Maintaining its links with The Nature Conservancy (TNC), the Foundation initiated a workshop in 2012 to review challenges and opportunities in temperate zone coastal estuaries. As a result TNC has proposed a Great Southern Seascapes program, with pilot projects in Victoria’s Corio Bay and Westernport Bay. The Foundation has granted $3m to these projects on the expectation that significant private and government funding support will be identified.
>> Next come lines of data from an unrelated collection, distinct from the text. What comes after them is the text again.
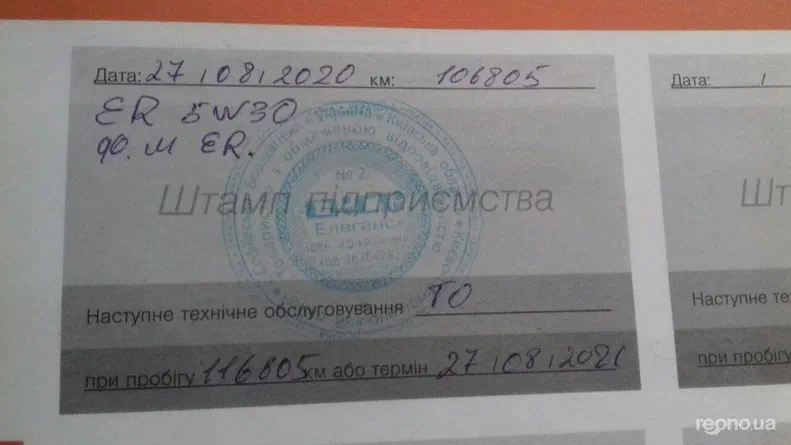 Citroen C4 Cactus 2016 - 13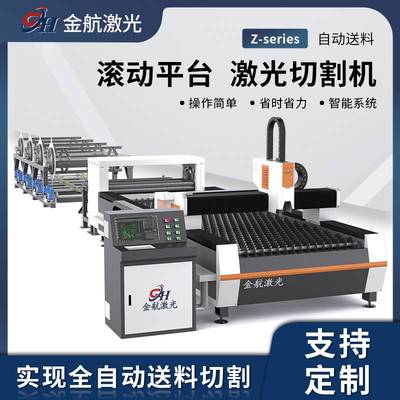 数控激光切割设备全自动上下料激光切割滚动平台式光纤激光切割机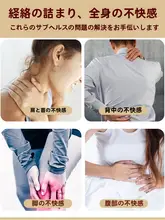 高品質ダブル排ボディマッサージブラシ【経絡マッサージ・首や背中のグアシャ・全身ケア用】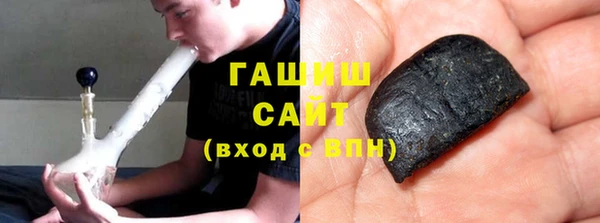 мескалин Покров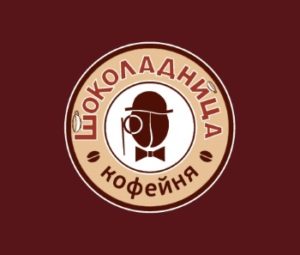 Shokoladnitsa Russia coffee chain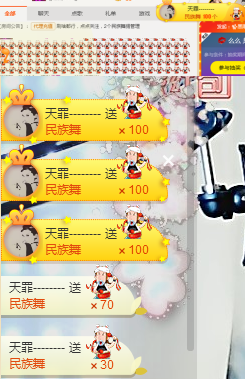 ✨我白.77411✨主播照片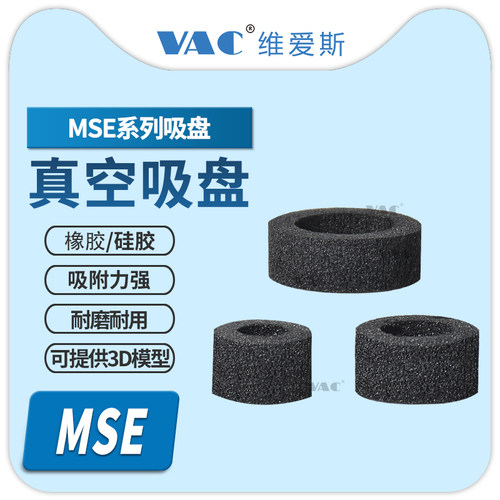 MSE-15海绵真空吸盘 机械手海绵强力吸嘴内可配外螺纹接头 - 图0
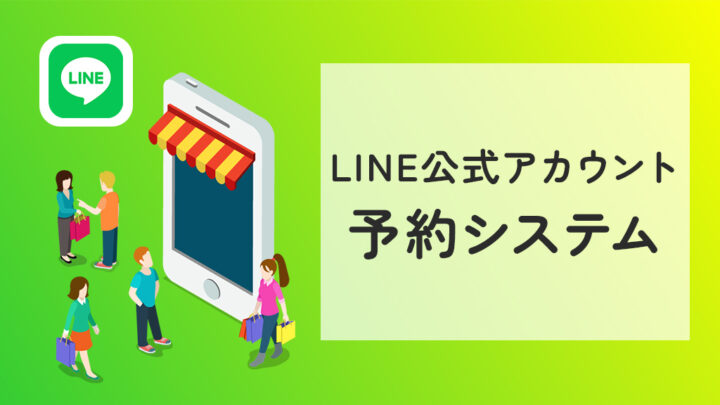 LINE公式アカウントで予約システム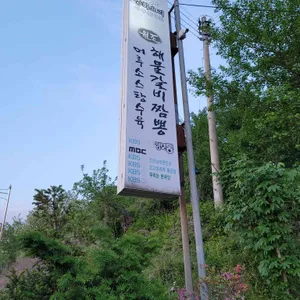 천마루 리뷰 사진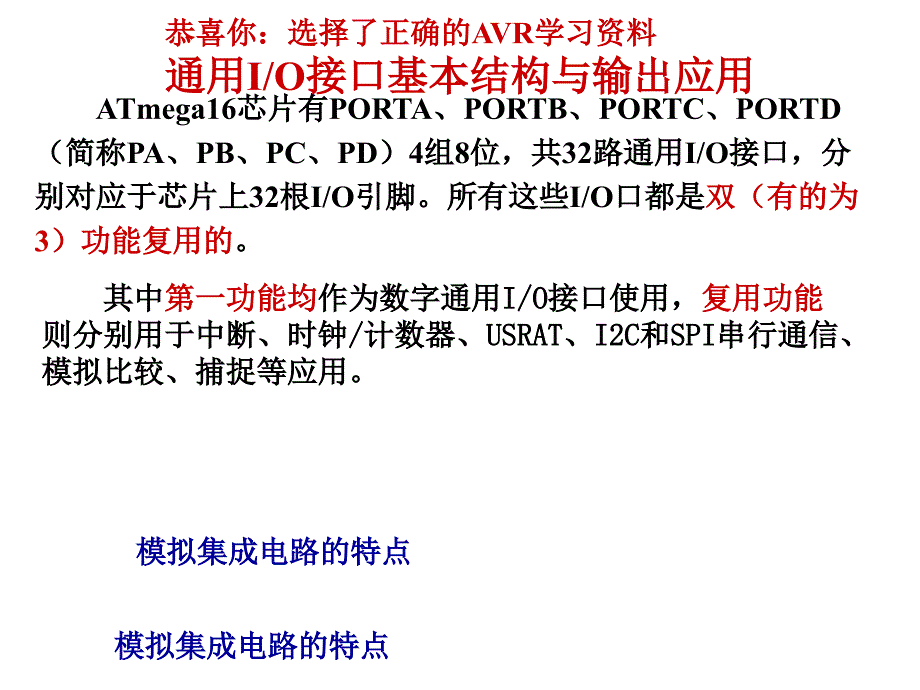 AVR单片机新手入门必看ppt教程课件.ppt_第1页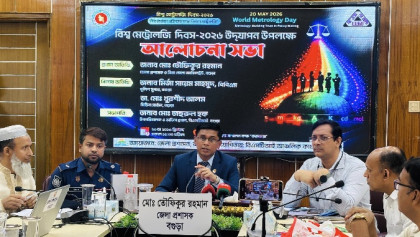 বগুড়ায় নানা আয়োজনে 
বিশ্ব মেট্রোলজি দিবস পালিত
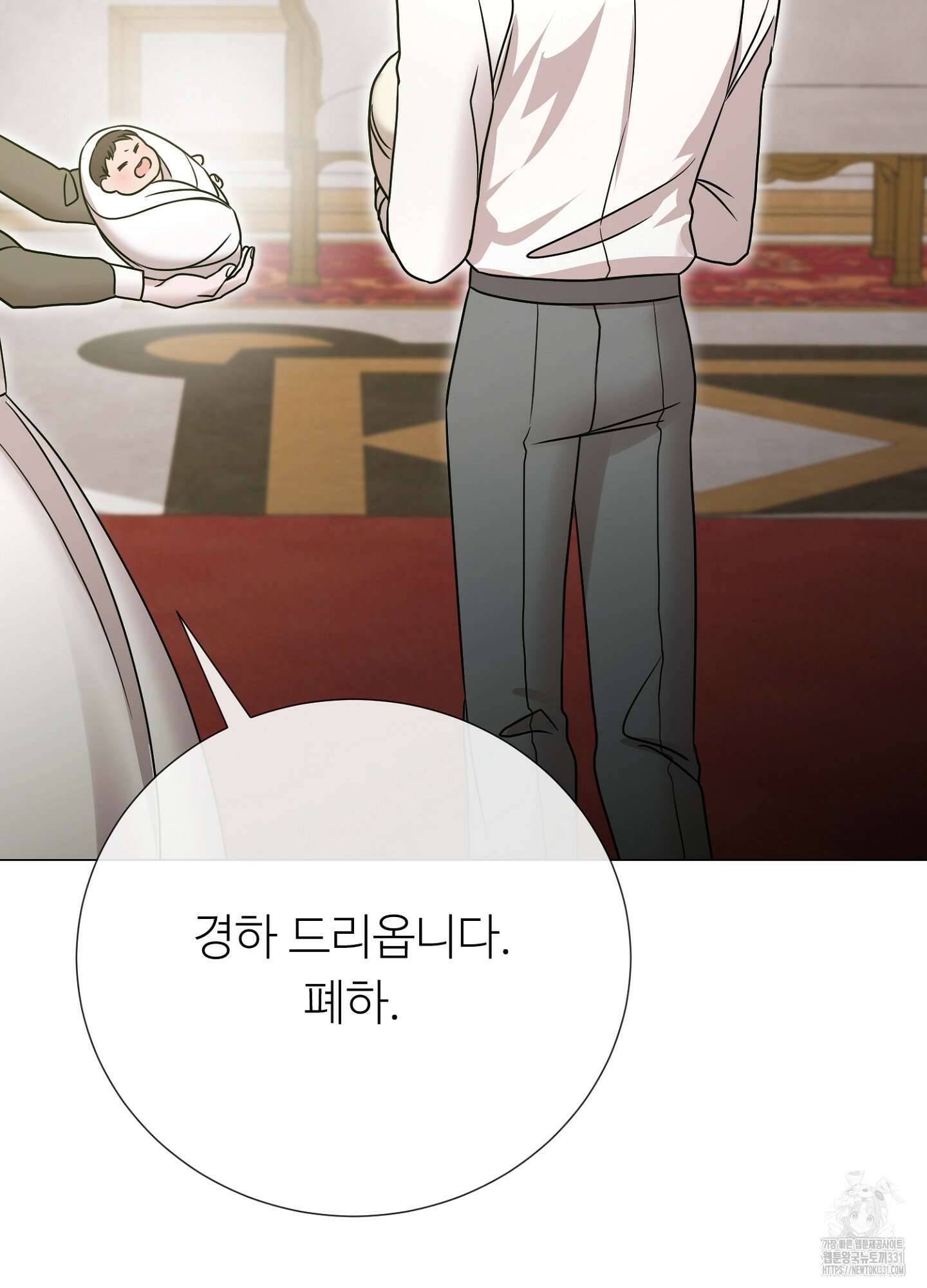 새비지 캐슬 31화 169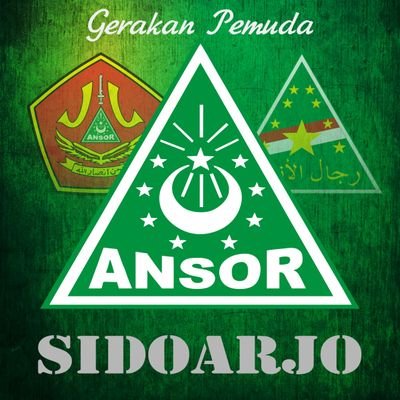PC GP Ansor Sidoarjo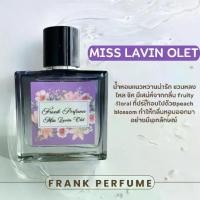 ราคา น้ำหอมแบรนด์ Frank Perfume - กลิ่น MISS LAVIN OLET (1731024916015188833)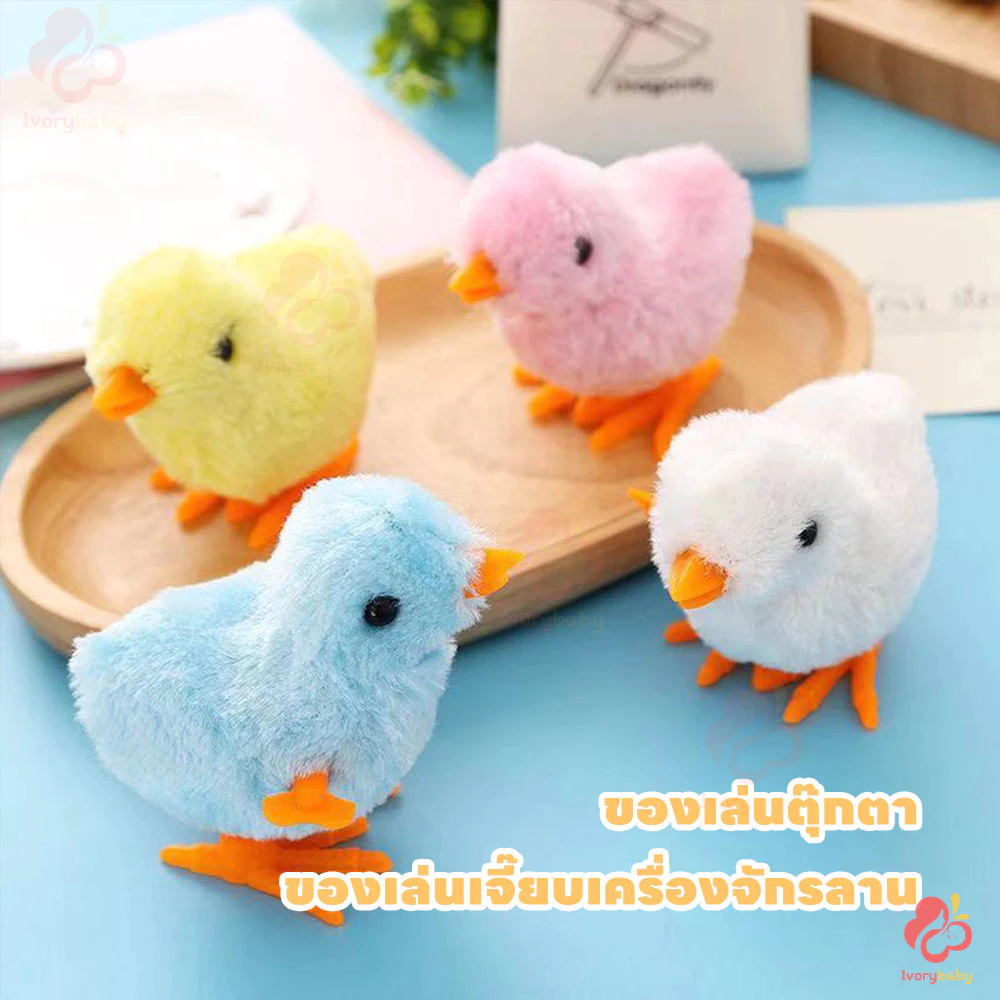 IVORYBABY ของเล่นลูกเจี๊ยบไขลาน thumbnail 3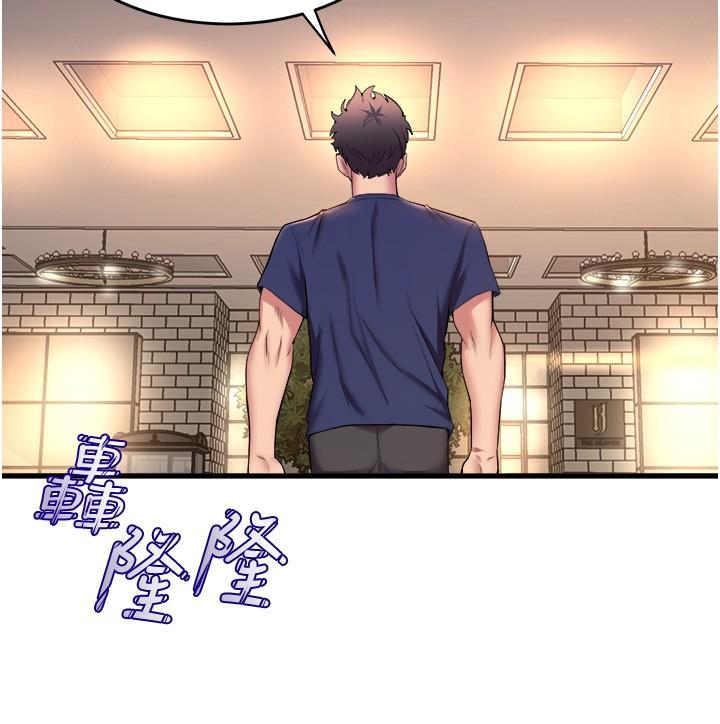 舞蹈系學姊們，第35話-第一次來吧，第 15 页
The project will
- expand protection and restore critical habitat for clams, oysters and seagrass meadows in the selected pilot bays by 20%
- engage significant numbers of community volunteers, including recreational fishers and citizen science program
- develop good practice models for application in other places
- re-establish a network of southern marine scientists
In an Australian first, three sites have permit approvals to trial approaches for restoring shellfish reefs as part of a partnership between The Nature Conservancy, the Victorian Government and Albert Park Yachting and Angling Club. Currently, Wilson’s Spit and Margaret’s Reef are the first two sites with native oysters and mussels on the seabed.
The Great Southern Seascapes mission is to spark a revolution in marine conservation and the blue economy by scaling-up restoration of coastal habitats in bays and estuaries across southern Australia.
To achieve this, TNC has established the national Shellfish Reef Restoration Network. As well as deploying over six tonnes of shells in Port Phillip Bay, it has established restoration sites in Oyster Bay in Western Australia and in the Gulf of St Vincent in South Australia Harbour. In the Noosa River it has conducted two studies to confirm the feasibility of shell fish reef restoration, and commissioned a study of the historic presence of marine species in the system.
A description of the South Australian project was published in The Conversation on 28 June 2017 (‘Huge restored reef aims to bring South Australia’s oysters back from the brink’). In the article it was described as the largest oyster reef restoration project outside the United State with here some 18.000 tonnes of limestone and 7m baby oysters set to provide the initial foundation of a 20-hectare reef.